(Listed records)

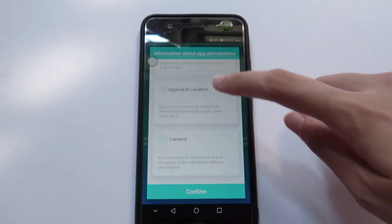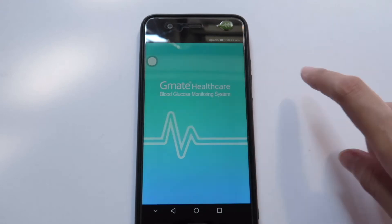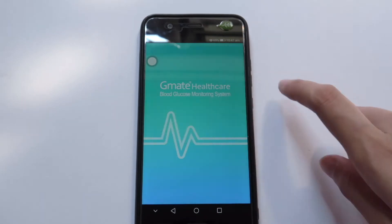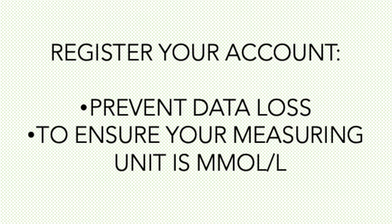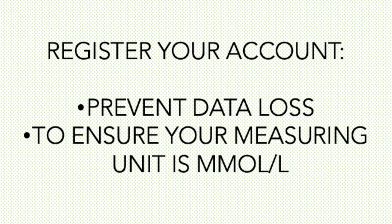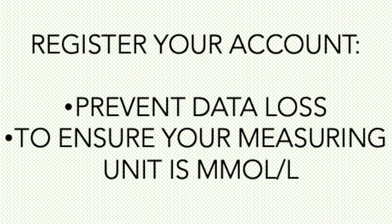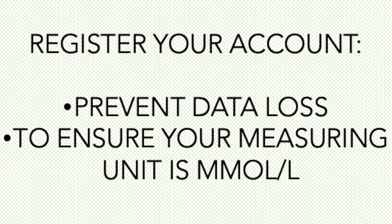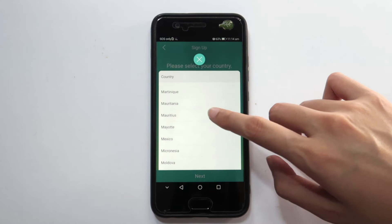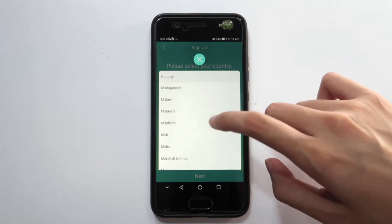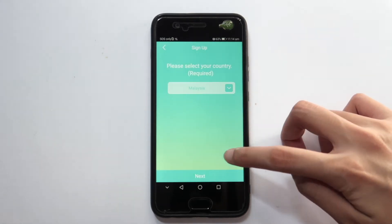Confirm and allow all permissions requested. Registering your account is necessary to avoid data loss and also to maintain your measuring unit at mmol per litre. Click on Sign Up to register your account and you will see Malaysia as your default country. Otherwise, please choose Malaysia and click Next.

(End Listed records)
(Listed records)

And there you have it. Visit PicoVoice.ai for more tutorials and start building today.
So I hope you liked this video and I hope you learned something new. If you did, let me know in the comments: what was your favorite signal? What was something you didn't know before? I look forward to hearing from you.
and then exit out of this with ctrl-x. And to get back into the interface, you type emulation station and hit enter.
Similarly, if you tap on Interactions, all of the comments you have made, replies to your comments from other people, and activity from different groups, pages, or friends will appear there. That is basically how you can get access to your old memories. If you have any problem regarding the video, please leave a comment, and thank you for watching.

(End Listed records)
(Listed records)

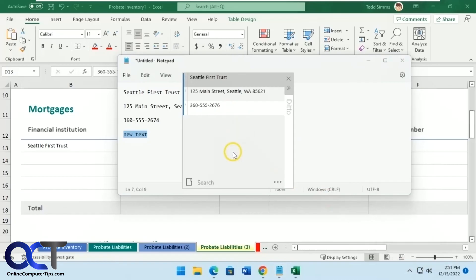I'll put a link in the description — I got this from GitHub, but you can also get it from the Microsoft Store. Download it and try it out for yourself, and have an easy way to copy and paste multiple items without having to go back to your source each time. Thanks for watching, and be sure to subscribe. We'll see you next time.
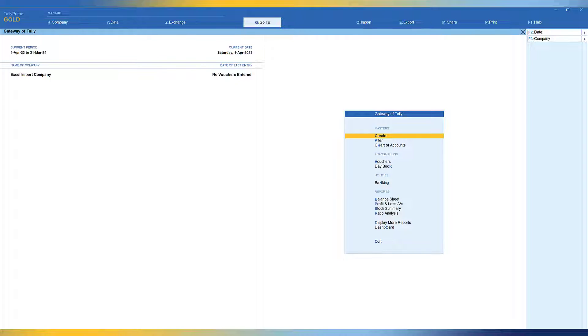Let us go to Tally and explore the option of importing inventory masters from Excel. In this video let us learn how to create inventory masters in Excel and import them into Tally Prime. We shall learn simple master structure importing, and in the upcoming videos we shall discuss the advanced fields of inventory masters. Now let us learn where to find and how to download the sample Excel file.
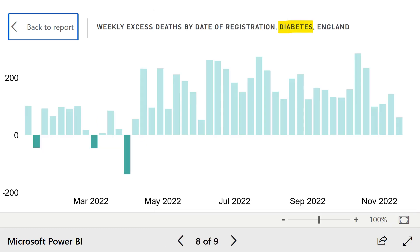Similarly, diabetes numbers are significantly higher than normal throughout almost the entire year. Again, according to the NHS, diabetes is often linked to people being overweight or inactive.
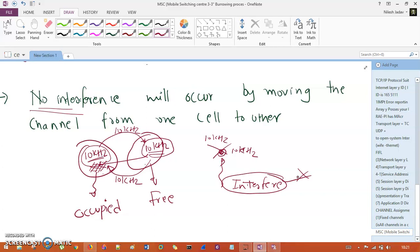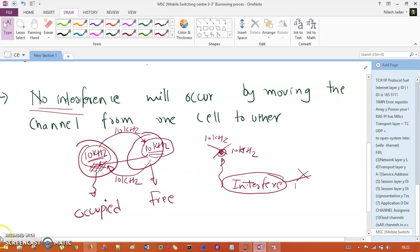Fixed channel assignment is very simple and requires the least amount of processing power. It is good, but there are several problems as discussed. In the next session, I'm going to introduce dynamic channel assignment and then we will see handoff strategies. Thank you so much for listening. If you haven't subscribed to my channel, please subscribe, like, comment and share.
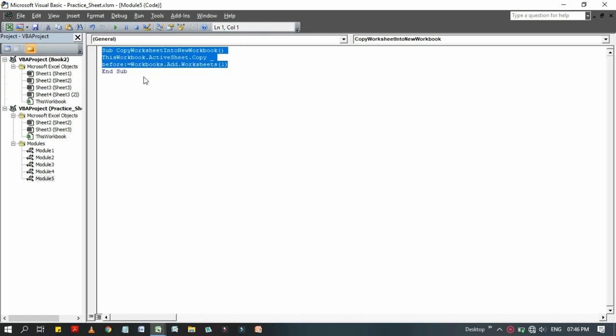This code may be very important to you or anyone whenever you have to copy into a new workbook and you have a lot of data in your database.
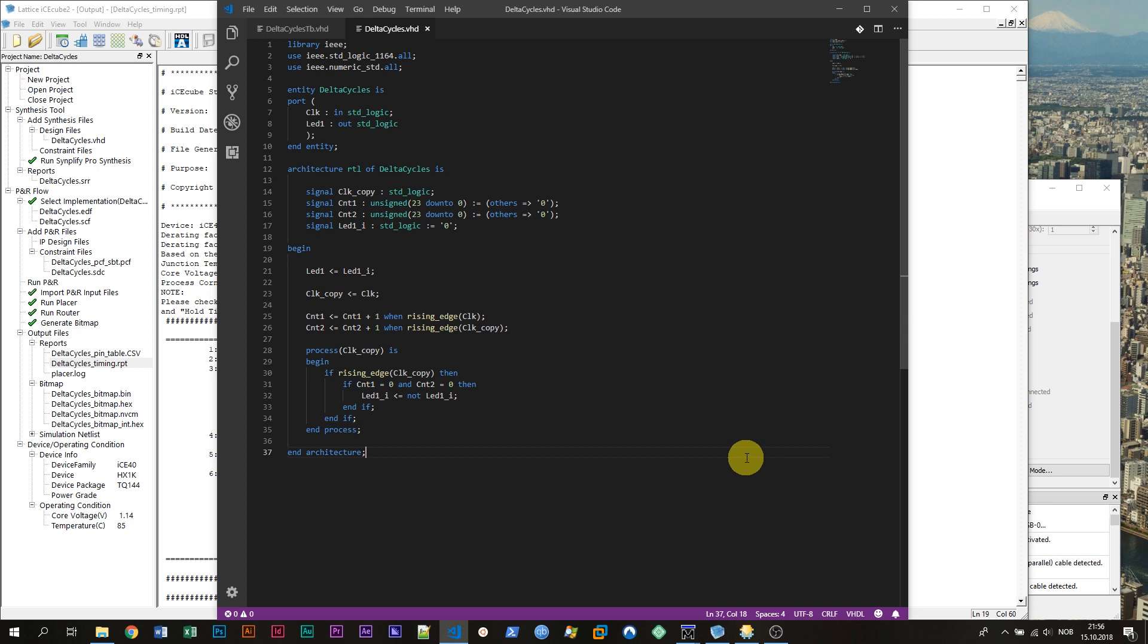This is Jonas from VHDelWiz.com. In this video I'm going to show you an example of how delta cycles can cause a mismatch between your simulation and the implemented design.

(End Listed records)

Requirement
Could you restate, word for word, the lines above from the one with "and then exit" to the one with "Similarly, if you", both included?

Solution
and then exit out of this with ctrl-x. And to get back into the interface, you type emulation station and hit enter.
Similarly, if you tap on Interactions, all of the comments you have made, replies to your comments from other people, and activity from different groups, pages, or friends will appear there. That is basically how you can get access to your old memories. If you have any problem regarding the video, please leave a comment, and thank you for watching.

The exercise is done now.